### Assigned task
Only one stretch of the material below is wanted: everything from the line containing "Get Ready With" down to the line containing "Xử lý dứt điểm", both ends included. Repeat it exactly and skip the pictures.

### Given records
Content starts
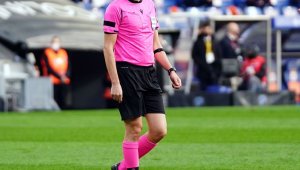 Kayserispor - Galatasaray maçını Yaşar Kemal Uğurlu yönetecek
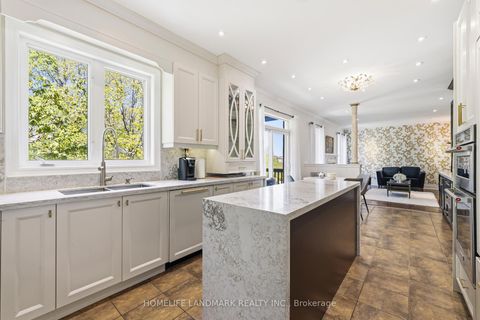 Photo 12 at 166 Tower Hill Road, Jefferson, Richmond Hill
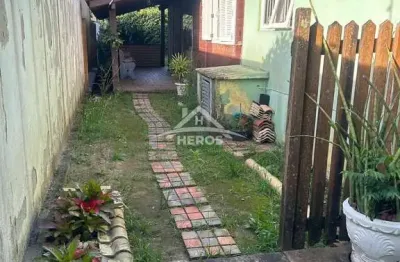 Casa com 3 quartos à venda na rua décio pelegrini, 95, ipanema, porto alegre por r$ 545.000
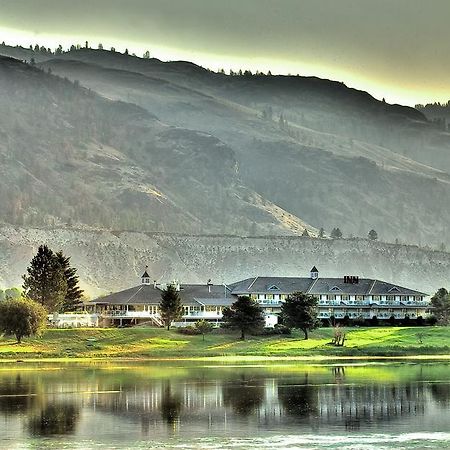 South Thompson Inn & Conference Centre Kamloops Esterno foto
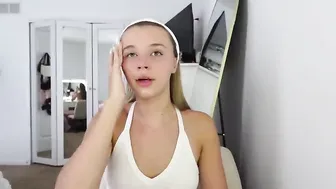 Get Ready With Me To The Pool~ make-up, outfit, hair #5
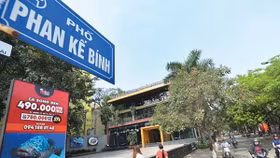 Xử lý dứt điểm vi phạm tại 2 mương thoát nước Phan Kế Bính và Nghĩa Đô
Content ends
Content starts
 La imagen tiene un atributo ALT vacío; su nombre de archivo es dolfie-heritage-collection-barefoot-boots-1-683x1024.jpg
Content ends
Content starts
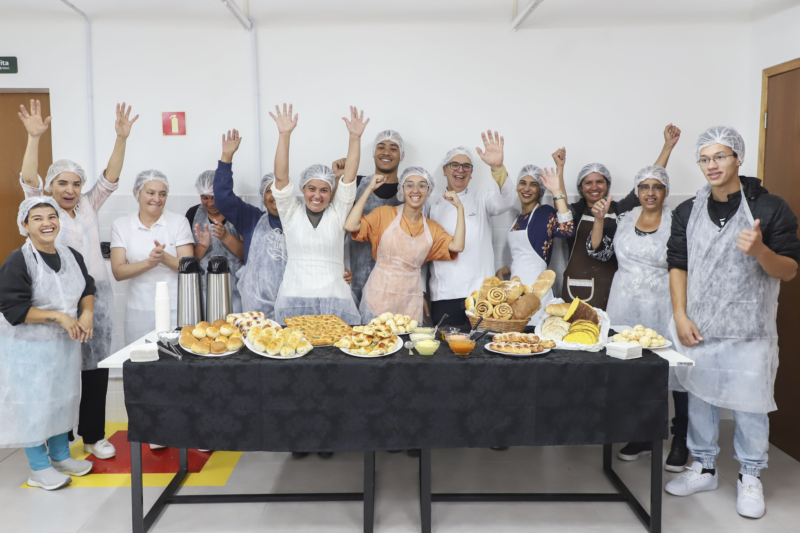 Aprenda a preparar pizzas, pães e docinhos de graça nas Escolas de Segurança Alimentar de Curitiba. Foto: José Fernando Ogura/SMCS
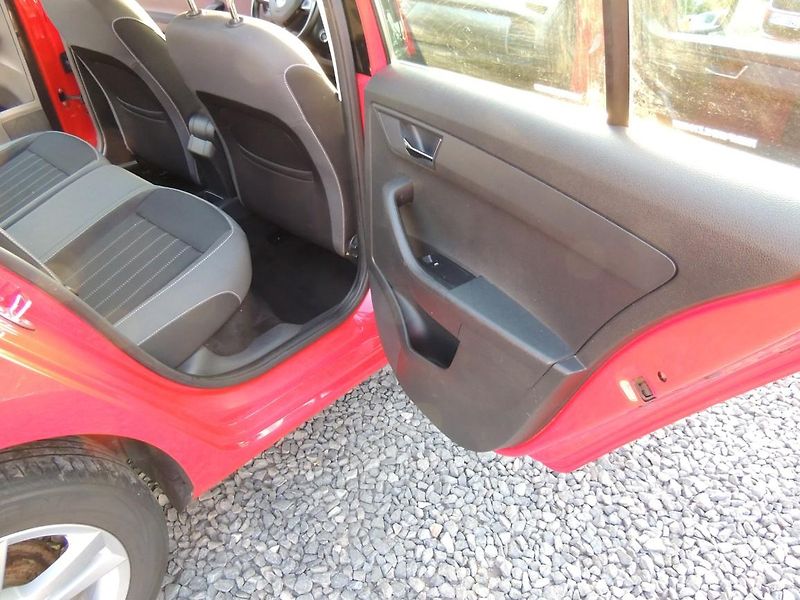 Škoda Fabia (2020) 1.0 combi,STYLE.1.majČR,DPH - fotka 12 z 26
Content ends
### The answer
 Get Ready With Me To The Pool~ make-up, outfit, hair #5
 Xử lý dứt điểm vi phạm tại 2 mương thoát nước Phan Kế Bính và Nghĩa Đô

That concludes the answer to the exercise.